Open and closed lakes refer to the major subdivisions of lakes – bodies of water surrounded by land. Exorheic, or open, lakes drain into a river or other body of water that ultimately drains into the ocean. Endorheic basins fall into the category of endorheic or closed lakes, wherein waters do not drain into the ocean, but are reduced by evaporation, and/or drain into the ground.

== Open lake ==
An open lake is a lake from which water constantly flows out under almost all climatic circumstances. Because water does not remain in an open lake for any length of time, dissolved solids do not accumulate, and such lakes are usually fresh water. Open lakes form in areas where precipitation is greater than evaporation. Because most of the world's water is found in areas of highly effective rainfall, most lakes are open lakes whose water eventually reaches the sea. For instance, the Great Lakes' water flows into the St. Lawrence River and eventually the Atlantic Ocean.

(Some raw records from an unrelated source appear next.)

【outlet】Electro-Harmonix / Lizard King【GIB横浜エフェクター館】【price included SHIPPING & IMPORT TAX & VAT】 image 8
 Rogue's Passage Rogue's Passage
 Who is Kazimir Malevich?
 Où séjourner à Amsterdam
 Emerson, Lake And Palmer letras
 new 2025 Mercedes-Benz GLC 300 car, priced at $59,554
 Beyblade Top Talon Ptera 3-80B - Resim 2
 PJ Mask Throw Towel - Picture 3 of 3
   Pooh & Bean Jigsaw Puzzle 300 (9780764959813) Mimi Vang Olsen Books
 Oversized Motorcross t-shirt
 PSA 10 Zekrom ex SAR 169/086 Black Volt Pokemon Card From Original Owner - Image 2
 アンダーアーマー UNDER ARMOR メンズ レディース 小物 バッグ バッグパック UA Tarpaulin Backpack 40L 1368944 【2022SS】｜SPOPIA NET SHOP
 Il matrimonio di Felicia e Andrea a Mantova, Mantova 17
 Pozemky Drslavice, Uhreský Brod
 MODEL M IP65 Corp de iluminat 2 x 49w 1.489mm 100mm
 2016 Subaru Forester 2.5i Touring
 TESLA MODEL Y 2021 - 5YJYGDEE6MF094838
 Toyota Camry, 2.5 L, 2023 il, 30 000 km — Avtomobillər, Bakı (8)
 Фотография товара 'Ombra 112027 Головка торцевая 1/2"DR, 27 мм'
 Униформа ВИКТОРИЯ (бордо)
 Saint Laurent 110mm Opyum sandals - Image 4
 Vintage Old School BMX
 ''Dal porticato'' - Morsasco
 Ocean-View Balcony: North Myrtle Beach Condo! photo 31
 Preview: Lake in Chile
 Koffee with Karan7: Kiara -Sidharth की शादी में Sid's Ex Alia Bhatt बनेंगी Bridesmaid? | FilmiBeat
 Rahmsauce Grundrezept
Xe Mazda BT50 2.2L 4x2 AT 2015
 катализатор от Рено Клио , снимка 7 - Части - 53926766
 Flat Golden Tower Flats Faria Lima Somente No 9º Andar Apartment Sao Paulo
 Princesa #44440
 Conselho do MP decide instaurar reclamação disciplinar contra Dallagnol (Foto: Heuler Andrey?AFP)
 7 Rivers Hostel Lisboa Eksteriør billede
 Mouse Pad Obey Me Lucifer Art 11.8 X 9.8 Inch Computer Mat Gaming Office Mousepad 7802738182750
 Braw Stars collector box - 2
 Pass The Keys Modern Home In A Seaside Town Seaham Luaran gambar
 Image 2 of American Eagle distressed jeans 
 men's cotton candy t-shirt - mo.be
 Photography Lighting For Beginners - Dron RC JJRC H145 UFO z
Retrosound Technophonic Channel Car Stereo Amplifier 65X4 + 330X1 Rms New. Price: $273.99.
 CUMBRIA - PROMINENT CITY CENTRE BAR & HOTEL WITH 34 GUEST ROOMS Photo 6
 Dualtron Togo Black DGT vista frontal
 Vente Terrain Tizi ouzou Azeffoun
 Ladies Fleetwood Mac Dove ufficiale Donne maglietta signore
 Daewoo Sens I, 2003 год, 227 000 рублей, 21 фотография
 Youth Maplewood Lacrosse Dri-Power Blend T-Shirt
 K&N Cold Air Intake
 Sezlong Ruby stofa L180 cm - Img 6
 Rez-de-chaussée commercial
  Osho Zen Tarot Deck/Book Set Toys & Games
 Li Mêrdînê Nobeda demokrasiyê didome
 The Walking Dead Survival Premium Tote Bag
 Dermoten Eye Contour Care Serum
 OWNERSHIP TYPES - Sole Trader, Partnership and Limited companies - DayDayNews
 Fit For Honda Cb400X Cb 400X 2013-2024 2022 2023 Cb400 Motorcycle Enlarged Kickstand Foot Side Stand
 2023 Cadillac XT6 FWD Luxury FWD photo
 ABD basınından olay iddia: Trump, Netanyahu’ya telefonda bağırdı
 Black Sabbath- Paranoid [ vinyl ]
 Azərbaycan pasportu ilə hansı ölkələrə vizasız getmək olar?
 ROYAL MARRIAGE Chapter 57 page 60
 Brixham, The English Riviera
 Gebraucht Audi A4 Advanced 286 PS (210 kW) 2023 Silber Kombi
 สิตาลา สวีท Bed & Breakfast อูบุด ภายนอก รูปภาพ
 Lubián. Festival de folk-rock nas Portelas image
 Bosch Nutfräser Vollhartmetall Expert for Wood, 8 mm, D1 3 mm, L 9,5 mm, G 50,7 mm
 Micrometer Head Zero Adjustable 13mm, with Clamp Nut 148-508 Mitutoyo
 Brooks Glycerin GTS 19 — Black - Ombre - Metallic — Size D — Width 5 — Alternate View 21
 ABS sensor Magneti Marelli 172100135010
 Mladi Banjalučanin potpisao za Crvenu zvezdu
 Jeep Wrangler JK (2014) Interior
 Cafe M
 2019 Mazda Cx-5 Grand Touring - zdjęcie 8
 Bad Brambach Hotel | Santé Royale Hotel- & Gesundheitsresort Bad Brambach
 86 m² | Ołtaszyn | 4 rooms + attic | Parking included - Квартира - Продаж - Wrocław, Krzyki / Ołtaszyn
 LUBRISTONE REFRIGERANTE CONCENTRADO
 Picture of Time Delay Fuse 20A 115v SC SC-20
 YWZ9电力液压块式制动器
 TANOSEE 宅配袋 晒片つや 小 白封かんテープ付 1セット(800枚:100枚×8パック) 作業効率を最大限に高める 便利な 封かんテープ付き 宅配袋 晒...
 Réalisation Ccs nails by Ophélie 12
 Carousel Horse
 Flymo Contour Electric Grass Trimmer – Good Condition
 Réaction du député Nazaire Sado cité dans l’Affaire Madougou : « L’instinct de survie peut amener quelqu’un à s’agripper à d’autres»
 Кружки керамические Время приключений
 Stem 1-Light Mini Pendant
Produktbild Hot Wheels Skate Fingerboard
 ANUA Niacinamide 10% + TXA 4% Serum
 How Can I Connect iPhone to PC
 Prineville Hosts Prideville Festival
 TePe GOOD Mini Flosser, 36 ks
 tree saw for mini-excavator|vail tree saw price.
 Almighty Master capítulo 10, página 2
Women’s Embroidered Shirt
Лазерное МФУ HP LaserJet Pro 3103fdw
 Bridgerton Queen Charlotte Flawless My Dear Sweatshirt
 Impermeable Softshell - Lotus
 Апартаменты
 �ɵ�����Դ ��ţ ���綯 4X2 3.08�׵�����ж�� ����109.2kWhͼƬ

Open lakes typically have relatively stable water levels that do not fluctuate, as input is always matched by outflow to rivers downstream. If more water enters an open lake than was previously leaving it, then more water will leave the lake. The drainage from an open lake, like that from ordinary rivers, is referred to as exorheic (from the Greek exos, outside and rhein, to flow).

== Closed lake ==
In a closed lake (see endorheic drainage), no water flows out. Water that is not evaporated will remain in a closed lake indefinitely. This means that closed lakes are usually saline, though this salinity varies greatly from around three parts per thousand for most of the Caspian Sea to as much as 400 parts per thousand for the Dead Sea. Only the less salty closed lakes are able to sustain life, and life in them is completely different from that in rivers or freshwater open lakes. Closed lakes typically form in areas where evaporation is greater than rainfall, although most closed lakes actually obtain their water from a region with much higher precipitation than the area around the lake itself, which is often a depression of some sort.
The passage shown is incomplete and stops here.